Scientific Notation (a.k.a. Exponential Notation)

We routinely deal with very large or very small numbers in the sciences. For example, the number of atoms in a sample of carbon that has a mass of 12 grams (a little less than half an ounce) is around 602,000,000,000,000,000,000,000 atoms. Clearly it is inconvenient to right all of those zeros. The solution to this problem is called scientific notation. In this notation, the number is written as a product of a number between 1 and 10 and a power of 10.

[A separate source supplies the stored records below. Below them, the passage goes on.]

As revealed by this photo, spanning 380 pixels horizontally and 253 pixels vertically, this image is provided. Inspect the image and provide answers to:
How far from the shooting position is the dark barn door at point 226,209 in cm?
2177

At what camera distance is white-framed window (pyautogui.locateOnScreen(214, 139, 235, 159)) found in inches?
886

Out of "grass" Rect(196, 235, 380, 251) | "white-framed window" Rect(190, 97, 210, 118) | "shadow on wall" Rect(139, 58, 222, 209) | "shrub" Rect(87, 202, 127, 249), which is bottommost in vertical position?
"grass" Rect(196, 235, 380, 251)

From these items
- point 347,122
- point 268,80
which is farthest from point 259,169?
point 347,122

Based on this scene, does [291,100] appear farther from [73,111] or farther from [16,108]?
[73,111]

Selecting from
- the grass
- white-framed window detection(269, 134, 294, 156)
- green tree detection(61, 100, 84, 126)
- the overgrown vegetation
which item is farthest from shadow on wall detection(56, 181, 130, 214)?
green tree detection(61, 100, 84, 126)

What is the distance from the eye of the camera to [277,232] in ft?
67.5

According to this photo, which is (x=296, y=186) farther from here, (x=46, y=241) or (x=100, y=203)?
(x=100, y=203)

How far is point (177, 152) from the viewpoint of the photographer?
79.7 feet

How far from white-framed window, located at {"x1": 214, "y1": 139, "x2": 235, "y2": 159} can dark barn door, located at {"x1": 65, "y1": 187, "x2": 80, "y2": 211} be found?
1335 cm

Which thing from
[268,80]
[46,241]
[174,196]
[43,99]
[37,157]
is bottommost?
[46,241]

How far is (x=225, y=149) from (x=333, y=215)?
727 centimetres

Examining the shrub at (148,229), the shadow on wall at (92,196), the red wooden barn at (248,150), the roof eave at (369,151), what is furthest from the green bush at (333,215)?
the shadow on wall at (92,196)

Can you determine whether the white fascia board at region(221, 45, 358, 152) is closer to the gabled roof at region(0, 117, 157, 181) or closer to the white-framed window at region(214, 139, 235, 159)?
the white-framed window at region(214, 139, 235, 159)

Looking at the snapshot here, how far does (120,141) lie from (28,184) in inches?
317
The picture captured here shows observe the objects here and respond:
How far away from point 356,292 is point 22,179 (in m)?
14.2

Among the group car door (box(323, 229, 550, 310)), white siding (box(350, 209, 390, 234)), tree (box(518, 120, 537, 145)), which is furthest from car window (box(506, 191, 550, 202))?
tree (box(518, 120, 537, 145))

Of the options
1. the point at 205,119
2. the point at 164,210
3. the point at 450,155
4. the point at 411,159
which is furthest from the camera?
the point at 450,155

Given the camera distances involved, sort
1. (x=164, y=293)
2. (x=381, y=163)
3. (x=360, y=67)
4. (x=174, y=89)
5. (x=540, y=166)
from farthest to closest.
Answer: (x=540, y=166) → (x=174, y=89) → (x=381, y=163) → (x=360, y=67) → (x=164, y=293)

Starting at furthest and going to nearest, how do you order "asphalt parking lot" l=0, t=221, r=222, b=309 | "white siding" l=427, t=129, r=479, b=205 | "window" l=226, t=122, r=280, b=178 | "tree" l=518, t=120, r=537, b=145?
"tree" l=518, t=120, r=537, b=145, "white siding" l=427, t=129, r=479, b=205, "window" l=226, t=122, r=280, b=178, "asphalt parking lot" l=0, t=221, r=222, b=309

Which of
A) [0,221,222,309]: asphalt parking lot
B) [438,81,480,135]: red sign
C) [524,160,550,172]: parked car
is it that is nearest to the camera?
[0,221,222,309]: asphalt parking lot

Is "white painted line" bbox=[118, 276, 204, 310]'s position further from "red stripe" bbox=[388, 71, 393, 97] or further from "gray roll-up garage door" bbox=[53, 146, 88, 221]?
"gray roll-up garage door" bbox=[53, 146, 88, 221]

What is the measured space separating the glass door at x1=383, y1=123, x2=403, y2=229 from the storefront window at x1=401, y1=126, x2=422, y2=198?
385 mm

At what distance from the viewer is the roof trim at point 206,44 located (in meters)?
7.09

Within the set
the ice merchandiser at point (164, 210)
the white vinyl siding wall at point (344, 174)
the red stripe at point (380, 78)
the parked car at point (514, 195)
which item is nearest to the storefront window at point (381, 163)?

I am going to begin with a simple example of scientific notation. Let's express the number 300 in scientific notation. First recognize that 300 is just 3 x 100. Note that 100 is 10 x 10, which is 10². So 300 may be written as 3 x 10². I have just expressed the number 300 as a product of a number between 1 and 10 (3 in this case) and a power of 10 (2 in this case), which is scientific notation. So it follows that 3000 can be written as 3 x 10³ and 30 can be written as 3 x 10¹. Can the number 3 be expressed in scientific notation? Yes, any number can be written in scientific notation. 3 is just 3 x 10⁰. A number raised to the power of zero, such as 10⁰ in our case, is defined as 1.

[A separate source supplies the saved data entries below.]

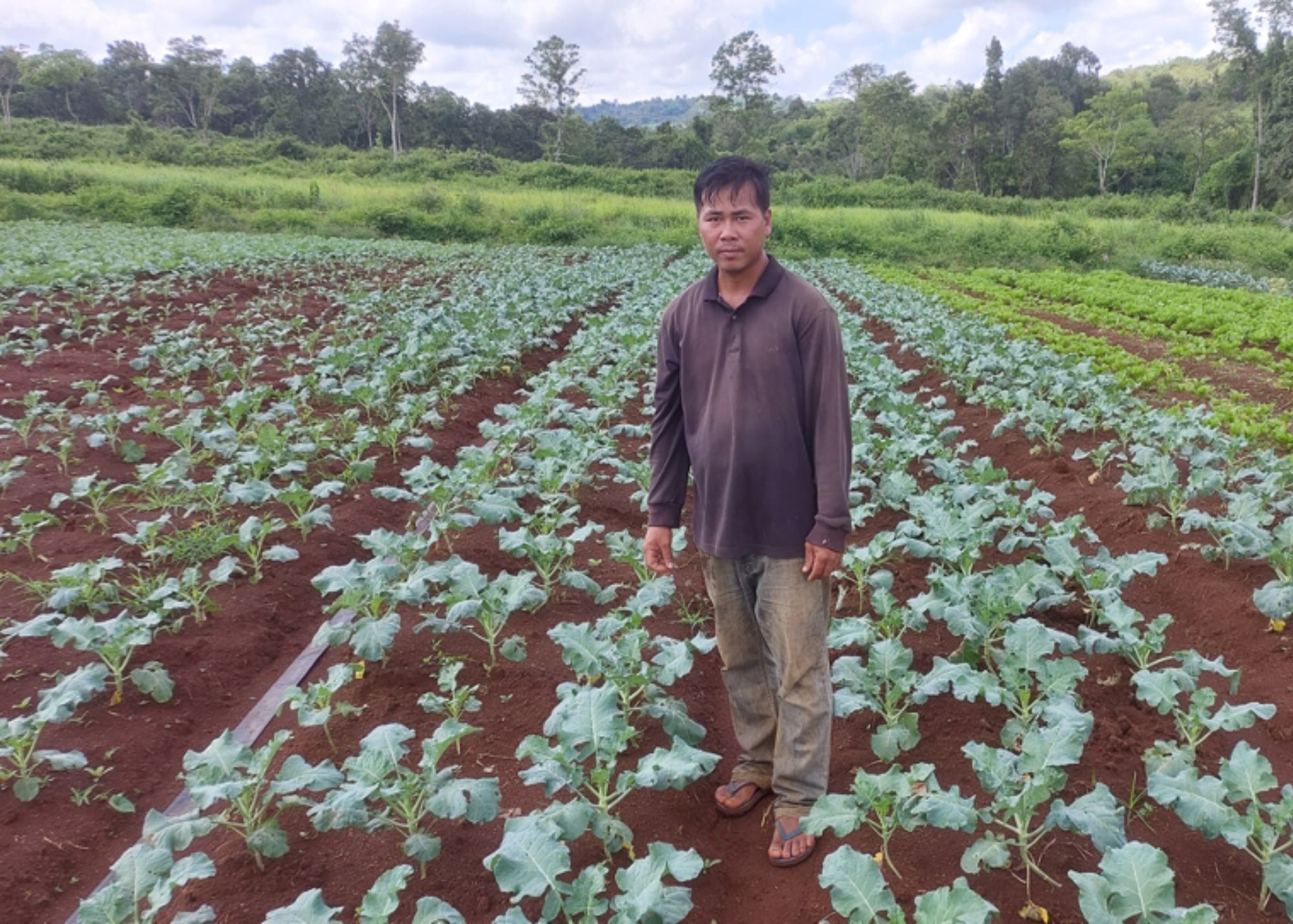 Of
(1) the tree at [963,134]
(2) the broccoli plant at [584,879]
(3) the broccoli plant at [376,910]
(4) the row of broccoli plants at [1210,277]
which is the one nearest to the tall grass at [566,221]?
(4) the row of broccoli plants at [1210,277]

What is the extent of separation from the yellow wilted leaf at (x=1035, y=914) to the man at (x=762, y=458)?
2.14 ft

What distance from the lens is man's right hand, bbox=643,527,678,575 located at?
111 inches

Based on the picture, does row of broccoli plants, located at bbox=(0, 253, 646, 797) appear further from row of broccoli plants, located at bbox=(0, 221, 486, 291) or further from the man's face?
row of broccoli plants, located at bbox=(0, 221, 486, 291)

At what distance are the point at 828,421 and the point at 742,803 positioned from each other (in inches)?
57.8

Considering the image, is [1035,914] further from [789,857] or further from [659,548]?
[659,548]

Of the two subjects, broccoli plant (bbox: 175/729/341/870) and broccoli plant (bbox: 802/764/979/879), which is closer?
broccoli plant (bbox: 802/764/979/879)

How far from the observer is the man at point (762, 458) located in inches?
93.8

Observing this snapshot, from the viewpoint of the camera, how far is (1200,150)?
4897 centimetres

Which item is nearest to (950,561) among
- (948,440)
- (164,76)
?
(948,440)

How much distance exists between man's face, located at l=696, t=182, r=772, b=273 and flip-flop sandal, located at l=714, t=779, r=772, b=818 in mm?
1838

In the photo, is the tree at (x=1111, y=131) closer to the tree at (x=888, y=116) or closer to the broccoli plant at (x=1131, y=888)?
the tree at (x=888, y=116)

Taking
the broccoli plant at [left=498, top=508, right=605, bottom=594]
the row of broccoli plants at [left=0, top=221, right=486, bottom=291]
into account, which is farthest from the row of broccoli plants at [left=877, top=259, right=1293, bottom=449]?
the row of broccoli plants at [left=0, top=221, right=486, bottom=291]

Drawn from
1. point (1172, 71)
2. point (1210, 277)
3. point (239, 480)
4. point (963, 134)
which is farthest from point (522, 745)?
point (1172, 71)

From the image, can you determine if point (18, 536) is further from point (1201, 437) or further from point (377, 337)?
point (1201, 437) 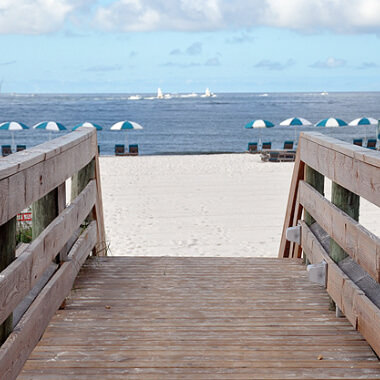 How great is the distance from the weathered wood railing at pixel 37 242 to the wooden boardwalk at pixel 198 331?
18 centimetres

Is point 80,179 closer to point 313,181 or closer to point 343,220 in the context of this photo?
point 313,181

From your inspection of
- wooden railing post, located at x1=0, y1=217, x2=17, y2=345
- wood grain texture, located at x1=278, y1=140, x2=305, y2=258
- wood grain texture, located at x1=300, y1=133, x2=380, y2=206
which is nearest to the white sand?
wood grain texture, located at x1=278, y1=140, x2=305, y2=258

The previous examples of scientific notation are not very impressive because it seems like more work to write 3 x 10² rather than simply writing 300. However, consider the number 602,000,000,000,000,000,000,000. This number expressed in scientific notation is 6.02 x 10²³, which is much more compact and efficient. Note that 60.2 x 10²² is the same as 6.02 x 10²³, but it is not considered proper scientific notation because 60.2 is not a number between 1 and 10. The same goes for the number 0.602 x 10²⁴.

Now you may be asking yourself how I knew that the exponent on 6.02 x 10²³ should be 23. All you have to do is count the number of places you move the decimal, because each movement of the decimal to the left increases the exponent by one (referred to as an order of magnitude). The example below illustrates how the number 93,000,000 can be easily converted to 9.3 x 10⁷ by counting over decimal places. To convert a number in scientific notation to standard notation you just reverse the process.

Very small numbers are also conveniently written in scientific notation. I'll use a simple example: 0.003 may be written as 3 x 1/1000 which can be written as 3 x 1/10³. But, 1/10³ is the same as 10^-3. So 0.003 expressed in scientific notation is 3 x 10^-3. That's the long way of doing it. The short way is to count the number of decimal places you move to the right, which decreases the exponent by one for each movement of the decimal place. Numbers between zero and one, when expressed in scientific notation, will always contain negative exponents. One last example, the number 0.000573 in scientific notation is 5.73 x 10^-4. Again, note that 5.73 is a number between 1 and 10. 57.3 x 10^-5 is also equivalent to 0.000573, but it is not written in proper scientific notation because 57.3 is not a number beteen 1 and 10.